Published works

Intense heating of air in the vicinity of a bushfire leads to deep ascent. If this ascent is deep enough to lift air above the lifting condensation level, cumulus or cumulonimbus clouds form in a process known as moist pyro-convection. There is abundant anecdotal evidence to suggest that pyro-convective clouds may have a significant impact on fire behaviour by (i) amplifying burn and spread rates (Fromm et al., 2012); (ii) enhancing spotting through plume intensification (Koo et al., 2010; Thurston et al., 2015); and (iii) igniting new fires via pyrocumulonimbus lightning, noting that pyrocumulonimbus lightning conditions favour hotter and longer-lived lightning strikes (Rudlosky and Fuelberg, 2011).

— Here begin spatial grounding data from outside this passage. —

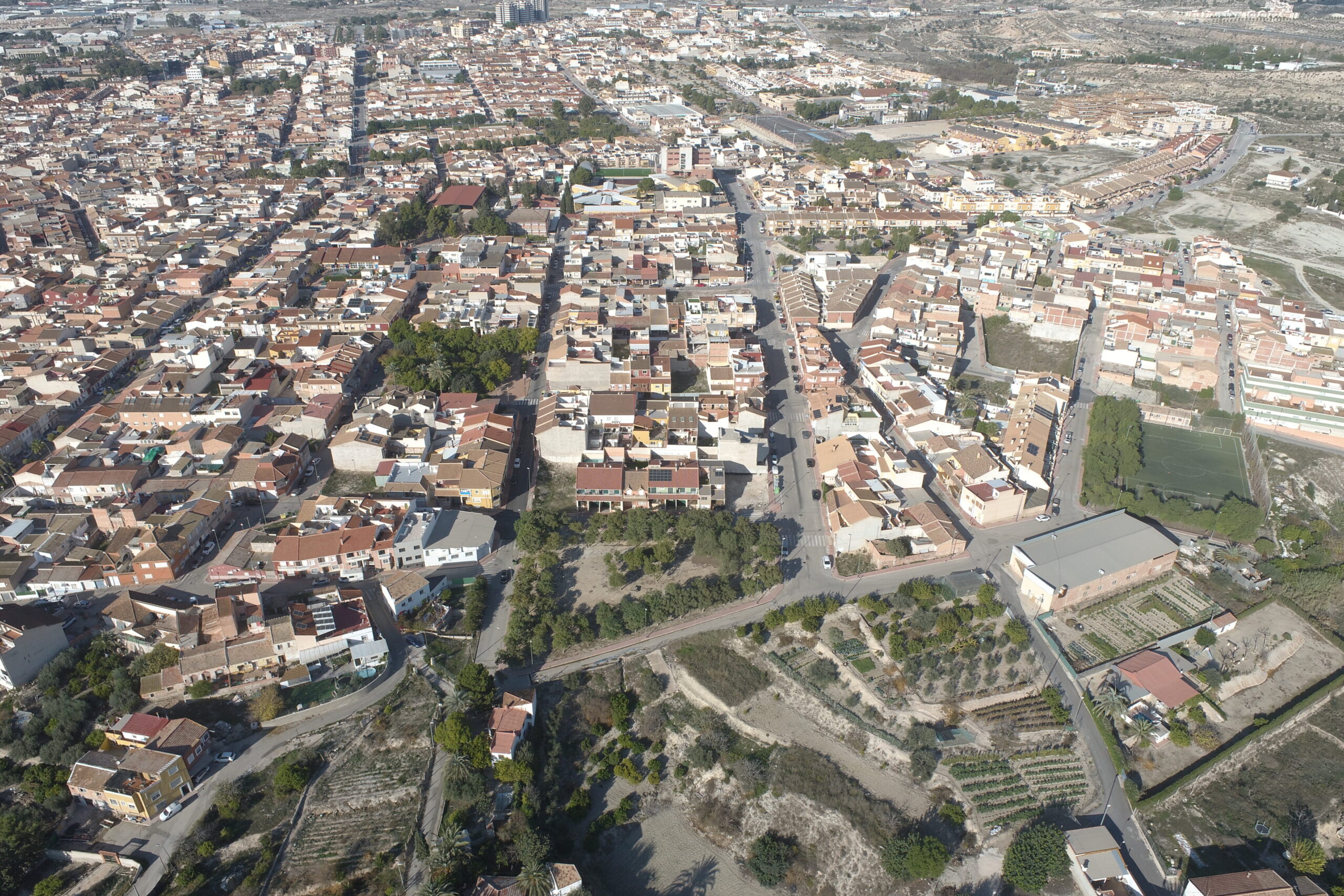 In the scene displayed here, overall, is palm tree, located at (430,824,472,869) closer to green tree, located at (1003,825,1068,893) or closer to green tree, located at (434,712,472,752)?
green tree, located at (434,712,472,752)

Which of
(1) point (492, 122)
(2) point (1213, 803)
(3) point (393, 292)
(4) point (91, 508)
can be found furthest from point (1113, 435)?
(1) point (492, 122)

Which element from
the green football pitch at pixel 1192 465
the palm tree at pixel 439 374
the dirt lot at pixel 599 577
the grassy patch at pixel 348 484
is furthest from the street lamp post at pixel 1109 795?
the palm tree at pixel 439 374

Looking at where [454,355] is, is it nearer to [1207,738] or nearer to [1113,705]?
[1113,705]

Pyro-convective clouds are also responsible for the transport of smoke and other aerosols into the stratosphere, resulting in hemisphere-scale smoke transport and substantial climate impacts (Fromm et al., 2010). Therefore a knowledge of the processes that lead to the generation of moist pyro-convection is important for understanding and predicting fire behaviour, as well as the potential climatic influences of large fires. In this study we use large-eddy simulations to investigate the potential for the generation of moist pyro-convection by bushfire plumes. Firstly we perform simulations over a range of fire intensities and environmental moisture levels. Secondly we repeat a subset of these simulations with differing amounts of moisture released by the fire in order to assess the relative roles of environmental moisture and fire-derived moisture in the formation of pyro-convective clouds.